WHAT YOU SHOULD DO:
From the first entry to the last, repeat the listing exactly.

EXERCISE MATERIALS:
>>>
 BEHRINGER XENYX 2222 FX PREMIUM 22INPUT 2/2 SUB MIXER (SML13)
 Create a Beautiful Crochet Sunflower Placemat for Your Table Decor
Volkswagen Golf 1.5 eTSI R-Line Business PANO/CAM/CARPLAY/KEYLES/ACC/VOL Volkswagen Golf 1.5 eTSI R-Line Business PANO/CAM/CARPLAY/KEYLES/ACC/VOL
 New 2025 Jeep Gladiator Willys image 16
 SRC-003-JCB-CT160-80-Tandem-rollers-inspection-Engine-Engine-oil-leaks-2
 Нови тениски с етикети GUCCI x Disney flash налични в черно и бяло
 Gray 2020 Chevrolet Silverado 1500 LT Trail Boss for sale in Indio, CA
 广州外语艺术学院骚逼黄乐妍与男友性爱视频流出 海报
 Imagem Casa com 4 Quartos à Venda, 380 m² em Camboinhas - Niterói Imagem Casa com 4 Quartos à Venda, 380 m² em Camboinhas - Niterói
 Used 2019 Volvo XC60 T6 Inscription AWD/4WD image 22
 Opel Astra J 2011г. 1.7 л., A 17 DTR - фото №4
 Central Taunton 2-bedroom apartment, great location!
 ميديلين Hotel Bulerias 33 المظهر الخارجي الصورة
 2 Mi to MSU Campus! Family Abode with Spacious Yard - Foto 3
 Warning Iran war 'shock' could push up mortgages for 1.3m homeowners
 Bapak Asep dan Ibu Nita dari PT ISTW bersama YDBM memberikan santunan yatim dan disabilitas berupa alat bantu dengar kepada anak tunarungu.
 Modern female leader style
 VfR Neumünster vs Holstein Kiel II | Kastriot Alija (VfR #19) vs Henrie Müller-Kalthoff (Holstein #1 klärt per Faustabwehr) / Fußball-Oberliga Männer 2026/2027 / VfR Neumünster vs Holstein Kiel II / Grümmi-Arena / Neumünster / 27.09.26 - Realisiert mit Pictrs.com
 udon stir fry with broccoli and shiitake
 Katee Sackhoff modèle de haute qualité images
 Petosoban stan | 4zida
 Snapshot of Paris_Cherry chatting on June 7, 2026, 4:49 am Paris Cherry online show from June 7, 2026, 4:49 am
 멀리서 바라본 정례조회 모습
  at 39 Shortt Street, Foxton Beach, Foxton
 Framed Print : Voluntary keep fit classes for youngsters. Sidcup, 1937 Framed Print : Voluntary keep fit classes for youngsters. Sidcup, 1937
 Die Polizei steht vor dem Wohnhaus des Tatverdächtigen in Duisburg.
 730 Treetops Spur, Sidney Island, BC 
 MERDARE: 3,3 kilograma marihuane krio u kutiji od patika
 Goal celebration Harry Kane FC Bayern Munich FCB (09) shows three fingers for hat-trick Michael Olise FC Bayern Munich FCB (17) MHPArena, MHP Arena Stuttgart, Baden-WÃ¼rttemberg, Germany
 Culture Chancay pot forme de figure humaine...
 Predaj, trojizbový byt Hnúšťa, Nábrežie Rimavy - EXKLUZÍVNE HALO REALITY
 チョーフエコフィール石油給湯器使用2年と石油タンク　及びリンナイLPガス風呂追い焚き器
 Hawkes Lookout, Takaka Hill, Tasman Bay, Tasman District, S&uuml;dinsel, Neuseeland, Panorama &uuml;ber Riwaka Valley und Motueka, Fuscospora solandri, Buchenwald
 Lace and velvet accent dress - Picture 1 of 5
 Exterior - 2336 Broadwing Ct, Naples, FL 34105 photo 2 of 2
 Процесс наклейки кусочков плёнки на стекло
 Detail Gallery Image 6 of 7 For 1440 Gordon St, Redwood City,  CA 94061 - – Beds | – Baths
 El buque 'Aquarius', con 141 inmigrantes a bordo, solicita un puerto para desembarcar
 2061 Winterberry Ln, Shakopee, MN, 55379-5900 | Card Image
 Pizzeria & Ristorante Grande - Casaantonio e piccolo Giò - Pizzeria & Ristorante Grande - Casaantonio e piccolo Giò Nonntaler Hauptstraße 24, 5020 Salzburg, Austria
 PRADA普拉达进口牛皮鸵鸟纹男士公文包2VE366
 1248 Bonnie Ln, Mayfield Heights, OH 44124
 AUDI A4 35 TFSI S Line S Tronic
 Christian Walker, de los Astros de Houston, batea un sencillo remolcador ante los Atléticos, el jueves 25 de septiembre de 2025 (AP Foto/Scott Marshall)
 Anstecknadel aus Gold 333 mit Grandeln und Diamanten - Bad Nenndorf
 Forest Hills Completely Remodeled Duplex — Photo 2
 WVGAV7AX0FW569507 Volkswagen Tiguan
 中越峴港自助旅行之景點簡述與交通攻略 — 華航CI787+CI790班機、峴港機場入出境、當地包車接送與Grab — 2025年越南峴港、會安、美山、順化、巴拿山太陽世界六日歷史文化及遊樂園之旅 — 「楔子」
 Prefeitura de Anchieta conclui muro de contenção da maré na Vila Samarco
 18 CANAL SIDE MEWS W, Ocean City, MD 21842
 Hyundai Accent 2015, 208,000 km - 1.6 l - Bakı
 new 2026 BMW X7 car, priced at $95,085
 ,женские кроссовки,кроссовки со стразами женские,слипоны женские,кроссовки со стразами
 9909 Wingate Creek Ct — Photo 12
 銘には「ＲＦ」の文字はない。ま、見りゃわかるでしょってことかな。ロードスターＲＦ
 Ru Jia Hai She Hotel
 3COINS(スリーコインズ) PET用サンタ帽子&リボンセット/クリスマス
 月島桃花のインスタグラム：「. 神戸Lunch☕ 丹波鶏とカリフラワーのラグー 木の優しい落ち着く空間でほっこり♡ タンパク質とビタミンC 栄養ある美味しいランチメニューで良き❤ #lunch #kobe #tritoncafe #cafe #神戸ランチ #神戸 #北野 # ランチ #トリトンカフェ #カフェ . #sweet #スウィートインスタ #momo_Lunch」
<<<
RESULT:
 BEHRINGER XENYX 2222 FX PREMIUM 22INPUT 2/2 SUB MIXER (SML13)
 Create a Beautiful Crochet Sunflower Placemat for Your Table Decor
Volkswagen Golf 1.5 eTSI R-Line Business PANO/CAM/CARPLAY/KEYLES/ACC/VOL Volkswagen Golf 1.5 eTSI R-Line Business PANO/CAM/CARPLAY/KEYLES/ACC/VOL
 New 2025 Jeep Gladiator Willys image 16
 SRC-003-JCB-CT160-80-Tandem-rollers-inspection-Engine-Engine-oil-leaks-2
 Нови тениски с етикети GUCCI x Disney flash налични в черно и бяло
 Gray 2020 Chevrolet Silverado 1500 LT Trail Boss for sale in Indio, CA
 广州外语艺术学院骚逼黄乐妍与男友性爱视频流出 海报
 Imagem Casa com 4 Quartos à Venda, 380 m² em Camboinhas - Niterói Imagem Casa com 4 Quartos à Venda, 380 m² em Camboinhas - Niterói
 Used 2019 Volvo XC60 T6 Inscription AWD/4WD image 22
 Opel Astra J 2011г. 1.7 л., A 17 DTR - фото №4
 Central Taunton 2-bedroom apartment, great location!
 ميديلين Hotel Bulerias 33 المظهر الخارجي الصورة
 2 Mi to MSU Campus! Family Abode with Spacious Yard - Foto 3
 Warning Iran war 'shock' could push up mortgages for 1.3m homeowners
 Bapak Asep dan Ibu Nita dari PT ISTW bersama YDBM memberikan santunan yatim dan disabilitas berupa alat bantu dengar kepada anak tunarungu.
 Modern female leader style
 VfR Neumünster vs Holstein Kiel II | Kastriot Alija (VfR #19) vs Henrie Müller-Kalthoff (Holstein #1 klärt per Faustabwehr) / Fußball-Oberliga Männer 2026/2027 / VfR Neumünster vs Holstein Kiel II / Grümmi-Arena / Neumünster / 27.09.26 - Realisiert mit Pictrs.com
 udon stir fry with broccoli and shiitake
 Katee Sackhoff modèle de haute qualité images
 Petosoban stan | 4zida
 Snapshot of Paris_Cherry chatting on June 7, 2026, 4:49 am Paris Cherry online show from June 7, 2026, 4:49 am
 멀리서 바라본 정례조회 모습
  at 39 Shortt Street, Foxton Beach, Foxton
 Framed Print : Voluntary keep fit classes for youngsters. Sidcup, 1937 Framed Print : Voluntary keep fit classes for youngsters. Sidcup, 1937
 Die Polizei steht vor dem Wohnhaus des Tatverdächtigen in Duisburg.
 730 Treetops Spur, Sidney Island, BC 
 MERDARE: 3,3 kilograma marihuane krio u kutiji od patika
 Goal celebration Harry Kane FC Bayern Munich FCB (09) shows three fingers for hat-trick Michael Olise FC Bayern Munich FCB (17) MHPArena, MHP Arena Stuttgart, Baden-WÃ¼rttemberg, Germany
 Culture Chancay pot forme de figure humaine...
 Predaj, trojizbový byt Hnúšťa, Nábrežie Rimavy - EXKLUZÍVNE HALO REALITY
 チョーフエコフィール石油給湯器使用2年と石油タンク　及びリンナイLPガス風呂追い焚き器
 Hawkes Lookout, Takaka Hill, Tasman Bay, Tasman District, S&uuml;dinsel, Neuseeland, Panorama &uuml;ber Riwaka Valley und Motueka, Fuscospora solandri, Buchenwald
 Lace and velvet accent dress - Picture 1 of 5
 Exterior - 2336 Broadwing Ct, Naples, FL 34105 photo 2 of 2
 Процесс наклейки кусочков плёнки на стекло
 Detail Gallery Image 6 of 7 For 1440 Gordon St, Redwood City,  CA 94061 - – Beds | – Baths
 El buque 'Aquarius', con 141 inmigrantes a bordo, solicita un puerto para desembarcar
 2061 Winterberry Ln, Shakopee, MN, 55379-5900 | Card Image
 Pizzeria & Ristorante Grande - Casaantonio e piccolo Giò - Pizzeria & Ristorante Grande - Casaantonio e piccolo Giò Nonntaler Hauptstraße 24, 5020 Salzburg, Austria
 PRADA普拉达进口牛皮鸵鸟纹男士公文包2VE366
 1248 Bonnie Ln, Mayfield Heights, OH 44124
 AUDI A4 35 TFSI S Line S Tronic
 Christian Walker, de los Astros de Houston, batea un sencillo remolcador ante los Atléticos, el jueves 25 de septiembre de 2025 (AP Foto/Scott Marshall)
 Anstecknadel aus Gold 333 mit Grandeln und Diamanten - Bad Nenndorf
 Forest Hills Completely Remodeled Duplex — Photo 2
 WVGAV7AX0FW569507 Volkswagen Tiguan
 中越峴港自助旅行之景點簡述與交通攻略 — 華航CI787+CI790班機、峴港機場入出境、當地包車接送與Grab — 2025年越南峴港、會安、美山、順化、巴拿山太陽世界六日歷史文化及遊樂園之旅 — 「楔子」
 Prefeitura de Anchieta conclui muro de contenção da maré na Vila Samarco
 18 CANAL SIDE MEWS W, Ocean City, MD 21842
 Hyundai Accent 2015, 208,000 km - 1.6 l - Bakı
 new 2026 BMW X7 car, priced at $95,085
 ,женские кроссовки,кроссовки со стразами женские,слипоны женские,кроссовки со стразами
 9909 Wingate Creek Ct — Photo 12
 銘には「ＲＦ」の文字はない。ま、見りゃわかるでしょってことかな。ロードスターＲＦ
 Ru Jia Hai She Hotel
 3COINS(スリーコインズ) PET用サンタ帽子&リボンセット/クリスマス
 月島桃花のインスタグラム：「. 神戸Lunch☕ 丹波鶏とカリフラワーのラグー 木の優しい落ち着く空間でほっこり♡ タンパク質とビタミンC 栄養ある美味しいランチメニューで良き❤ #lunch #kobe #tritoncafe #cafe #神戸ランチ #神戸 #北野 # ランチ #トリトンカフェ #カフェ . #sweet #スウィートインスタ #momo_Lunch」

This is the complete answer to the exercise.